## EXERCISE AIM
What is needed is an exact copy of the lines in the entries below from the one holding "Vivienda Vacacional Wiljis" through the one holding "HERITAGE MANUFACTURING Barkeep", pictures excluded.

[THE INPUT — start]

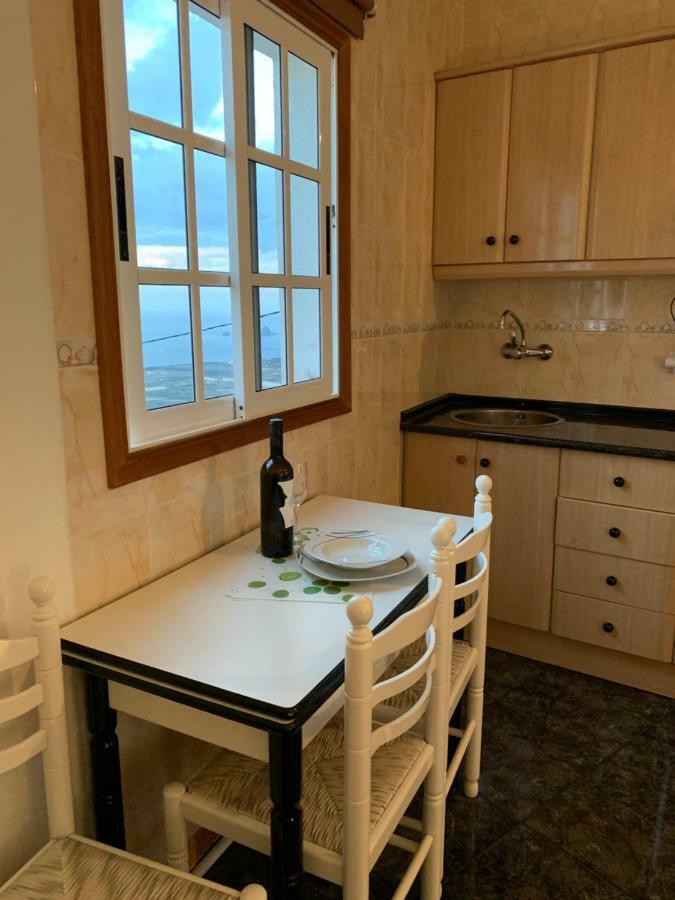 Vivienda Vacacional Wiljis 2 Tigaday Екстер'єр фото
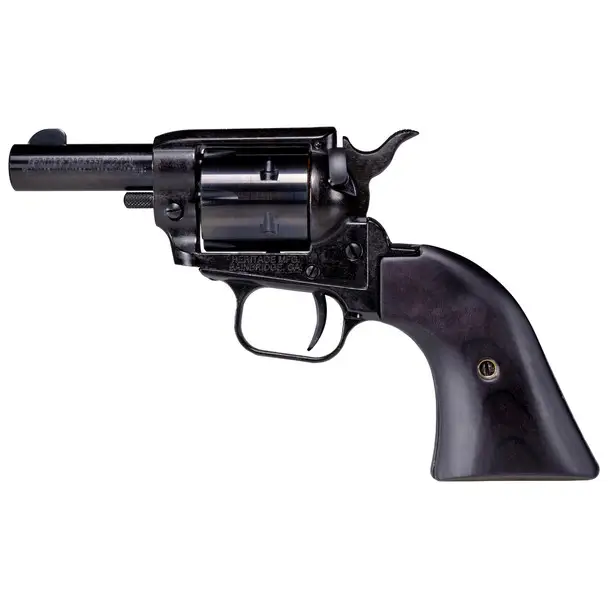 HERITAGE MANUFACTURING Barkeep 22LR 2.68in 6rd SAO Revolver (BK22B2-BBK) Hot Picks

[THE INPUT — finish]
[THE INPUT — start]

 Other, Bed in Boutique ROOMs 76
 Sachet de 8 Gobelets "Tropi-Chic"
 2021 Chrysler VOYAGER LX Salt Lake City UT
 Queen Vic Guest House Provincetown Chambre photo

[THE INPUT — finish]

## TASK RESPONSE
 Vivienda Vacacional Wiljis 2 Tigaday Екстер'єр фото
 HERITAGE MANUFACTURING Barkeep 22LR 2.68in 6rd SAO Revolver (BK22B2-BBK) Hot Picks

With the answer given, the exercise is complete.